Beverly Marsh effectively played by ‘Sophia Lillis’ is enchanting and vulnerable in her narrative, that is playful and teasing, especially towards Ben who she knows has a crush on her, hiding an incest torment which plays out at the end of the film with her father attacking her. Stan Uris ‘Wyatt Oleff’ is a side character here and I hope he has more in the sequel as his death in the book gave a small but important part in realizing the true nature of IT.

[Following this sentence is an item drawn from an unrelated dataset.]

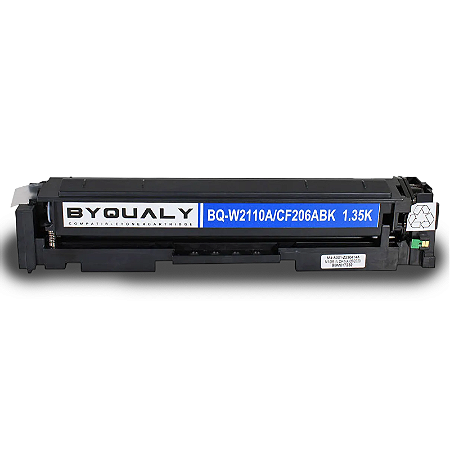 TONER COMPATÍVEL HP CF206A W2110A PRETO BYQUALY 1.3K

The ending to me was not as well knit as the rest of the film and not sure how they will sequel IT. Bill here loses his shit and decides to have a showdown with IT endangering all of them in the process – when in the book they were almost herded into the sewers and IT’s lair by IT’s machinations and with the help of Henry Bower’s, who was by then insane and possessed by IT, and co chased into the sewers. The most controversial part of the book and is absent in both the film and tv adaptation was the sex scene between the Losers and Beverly, when they were after the first showdown, lost in the catacombs of Derry sewer system. This was replaced with a kiss from Ben when Beverly was caught in mesmerisation levitation trance by IT. Obvious reasons that in the nineties and now could not get away with Beverly doing fives up. I don’t think the film suffered from it. Though I do feel the ending was rushed. As always there are plot holes and inconsistency but these are not too glaring.
Overall, I really liked this adaptation of King’s work and look forward to the sequel in 2019 I believe that’s one of the dates mentioned. Highly recommended so enjoy.